I certainly don’t agree with the article on every point, but I do think it pokes a stick at some very important questions, particularly for urban families who have the financial and/or social resources to choose where their children will go to school.
Like any parent, I want what is best for my kids. As a Christian, however, I think it’s tremendously important to question what that means. “What is best” for my daughter is that she learns to love the Lord and love her neighbour as herself. She could go to the best school in the world (of whatever type that may be) and never learn this. She could receive no formal education whatsoever and still in the end have received what is best. So I first want to posit that whether or not you send your kid to private school or public school is not necessarily a question of whether you are giving them what is best or not. That said, education matters. You probably cannot overstate how much it matters.
I want what is best for my kids – and so does every other parent. But while I can choose where to send Jubilee to school, many of my neighbours cannot. Their children will go to the public school around the corner whether they like it or not, because they cannot afford another option. Thus, my choice of where to send Jubilee to school is not just an individual choice about what is best for my daughter. It impacts my neighbours. If she goes to the public school down the street, her presence and our family’s boots-on-the-ground investment in the school will have beneficial effects on our neighbour’s children. If we send Jubilee to private school, we remove that benefit.

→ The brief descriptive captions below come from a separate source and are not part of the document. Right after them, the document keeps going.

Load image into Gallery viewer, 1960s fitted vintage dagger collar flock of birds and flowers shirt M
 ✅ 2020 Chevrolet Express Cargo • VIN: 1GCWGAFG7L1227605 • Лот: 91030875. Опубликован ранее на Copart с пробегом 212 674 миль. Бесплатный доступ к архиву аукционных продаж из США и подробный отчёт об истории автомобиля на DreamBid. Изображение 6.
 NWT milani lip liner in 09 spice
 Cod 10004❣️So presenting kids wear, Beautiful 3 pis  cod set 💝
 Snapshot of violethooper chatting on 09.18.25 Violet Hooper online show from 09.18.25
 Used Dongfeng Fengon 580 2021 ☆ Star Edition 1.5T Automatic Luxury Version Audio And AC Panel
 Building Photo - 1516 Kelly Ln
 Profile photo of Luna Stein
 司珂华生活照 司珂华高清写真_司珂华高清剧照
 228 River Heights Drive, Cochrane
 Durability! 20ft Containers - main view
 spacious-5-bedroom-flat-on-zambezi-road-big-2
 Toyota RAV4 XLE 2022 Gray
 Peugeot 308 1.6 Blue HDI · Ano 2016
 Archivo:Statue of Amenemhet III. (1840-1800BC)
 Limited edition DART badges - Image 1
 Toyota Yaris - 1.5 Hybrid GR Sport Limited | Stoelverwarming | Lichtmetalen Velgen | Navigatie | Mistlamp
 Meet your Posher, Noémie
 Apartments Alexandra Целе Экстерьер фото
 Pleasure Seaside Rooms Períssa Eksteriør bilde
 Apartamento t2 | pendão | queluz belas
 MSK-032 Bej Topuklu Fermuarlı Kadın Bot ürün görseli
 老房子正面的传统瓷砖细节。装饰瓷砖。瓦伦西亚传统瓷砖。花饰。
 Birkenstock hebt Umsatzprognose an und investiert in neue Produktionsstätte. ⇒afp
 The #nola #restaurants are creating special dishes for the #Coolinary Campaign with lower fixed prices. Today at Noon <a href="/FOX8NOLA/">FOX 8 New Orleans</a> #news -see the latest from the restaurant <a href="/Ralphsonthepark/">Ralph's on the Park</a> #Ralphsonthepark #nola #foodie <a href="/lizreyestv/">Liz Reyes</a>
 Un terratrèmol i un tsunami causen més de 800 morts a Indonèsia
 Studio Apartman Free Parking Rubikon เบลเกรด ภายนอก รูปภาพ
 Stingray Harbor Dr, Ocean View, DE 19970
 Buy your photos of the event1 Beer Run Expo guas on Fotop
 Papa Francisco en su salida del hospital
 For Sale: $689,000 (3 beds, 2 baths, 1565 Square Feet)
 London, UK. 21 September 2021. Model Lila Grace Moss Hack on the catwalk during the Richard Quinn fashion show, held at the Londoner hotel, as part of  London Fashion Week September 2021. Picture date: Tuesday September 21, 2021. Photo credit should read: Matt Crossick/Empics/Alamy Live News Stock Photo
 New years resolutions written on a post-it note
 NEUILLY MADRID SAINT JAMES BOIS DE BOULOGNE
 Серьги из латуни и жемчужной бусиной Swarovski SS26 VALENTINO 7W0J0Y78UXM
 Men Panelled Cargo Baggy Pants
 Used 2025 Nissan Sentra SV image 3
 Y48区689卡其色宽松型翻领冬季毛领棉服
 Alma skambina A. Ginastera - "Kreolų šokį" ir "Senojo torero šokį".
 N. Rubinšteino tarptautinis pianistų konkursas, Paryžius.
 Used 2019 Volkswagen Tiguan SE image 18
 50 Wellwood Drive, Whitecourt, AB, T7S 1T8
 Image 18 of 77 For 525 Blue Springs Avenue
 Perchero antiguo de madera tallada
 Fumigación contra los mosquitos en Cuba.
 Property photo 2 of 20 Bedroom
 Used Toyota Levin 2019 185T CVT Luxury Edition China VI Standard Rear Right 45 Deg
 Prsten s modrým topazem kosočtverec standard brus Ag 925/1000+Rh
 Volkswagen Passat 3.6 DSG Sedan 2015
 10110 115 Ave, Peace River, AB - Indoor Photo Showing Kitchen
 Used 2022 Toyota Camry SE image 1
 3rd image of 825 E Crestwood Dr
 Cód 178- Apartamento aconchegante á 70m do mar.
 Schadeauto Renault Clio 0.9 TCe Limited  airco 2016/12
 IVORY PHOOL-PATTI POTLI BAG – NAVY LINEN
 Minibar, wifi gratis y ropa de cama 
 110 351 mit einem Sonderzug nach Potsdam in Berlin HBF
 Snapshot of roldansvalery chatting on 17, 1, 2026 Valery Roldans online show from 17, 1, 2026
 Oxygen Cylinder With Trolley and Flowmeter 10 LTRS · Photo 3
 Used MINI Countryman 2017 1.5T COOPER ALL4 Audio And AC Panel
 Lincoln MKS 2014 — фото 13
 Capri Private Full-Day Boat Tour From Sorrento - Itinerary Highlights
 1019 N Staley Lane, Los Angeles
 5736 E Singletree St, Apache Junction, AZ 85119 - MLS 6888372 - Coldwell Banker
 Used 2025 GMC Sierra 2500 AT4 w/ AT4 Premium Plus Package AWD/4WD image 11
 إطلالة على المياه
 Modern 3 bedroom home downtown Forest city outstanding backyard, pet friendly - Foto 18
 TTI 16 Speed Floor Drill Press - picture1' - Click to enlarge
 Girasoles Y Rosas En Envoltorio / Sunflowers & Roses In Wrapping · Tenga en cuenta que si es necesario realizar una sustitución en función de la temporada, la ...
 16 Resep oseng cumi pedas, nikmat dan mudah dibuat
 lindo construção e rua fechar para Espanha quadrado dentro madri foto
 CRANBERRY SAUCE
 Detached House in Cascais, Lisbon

Sending your kid to public school is clearly not the only way to love your neighbour. In fact, if you are spending your time and energy loving your neighbours in other ways, then you probably ought not to make the enormous commitment of sending your child to an underperforming public school with the intent of being engaged in its programs and environment for the betterment of the community. If, however, you have the resources and the calling to make that commitment, then I think it is well worth considering.
I think it is worth considering even more so if you have a lot of families from your church with similarly aged children who could all send their children to the local public school together, be invested in it together, and support each other in the difficulties of doing so.
I think that the article’s ideas have some merits, and I think that public schools could be helped and even transformed if significant amounts of socially and financially wealthy families committed to their well-being with their time, money, energy, and even their children. My secret pipe dream in life is to do this in West Philly along with other families from City Church.
My fear is that the liberal Pharisees will beat us to it. That the church might fail to show sacrificial love in such a radical way. I think that it can be done, and I think that it does not involve sacrificing our children on the altar of a progressive agenda, but rather teaching them how to love God and their neighbour in the best way possible: by example.